HCFB offers its clients a wide range of credit products with variable credit terms. HCFB’s products are distributed through over 29,000 POS outlets across over 1,200 cities throughout Russia. The Bank’s regional network comprises 83 representative offices, 172 banking offices and 6 branches across the Russian Federation as at 30 June 2009.

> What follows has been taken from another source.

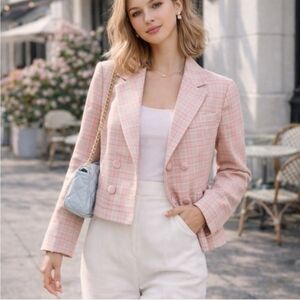 7 For All Mankind Pink Plaid Blazer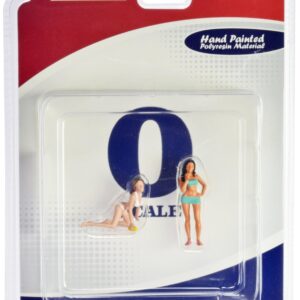 "Car Wash Girls" Set 1 Dorothy and Barbara 2 Piece Figure for 1/43 Scale Models by American Diorama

Companies of the Home Credit Group operate in the Central and Eastern European, Central Asian and the Far East consumer finance markets and as at year-end 2007, had granted loans in the combined principal of EUR 3.3 billion. Home Credit Group maintains leading positions in the consumer finance markets of the Czech Republic (Home Credit, since 1997), the Slovak Republic (Home Credit Slovakia, since 1999), the Russian Federation (Home Credit & Finance Bank, since 2002) and the Republic of Kazakhstan (Home Credit Kazakhstan, since December 2005). Home Credit Group also entered the Ukrainian and Belarusian markets in 2006 (CJSC Home Credit Bank, Home Credit Finance and OAO Home Credit Bank respectively) and China (Home Credit Asia, December 2007).
The Home Credit Group is part of the PPF Group, which is a leading international financial group. Established in 1991, PPF Group now operates in consumer finance and retail banking. Through its stake in Generali PPF Holding the Group participates in the insurance market and asset management services. PPF Group also actively seeks investment opportunities and undertakes strategic investments in developing markets of the CEE and CIS. During its 18 years in business, PPF Group has become an important international financial investor, managing assets of EUR 10.7 billion as of 31 December 2008.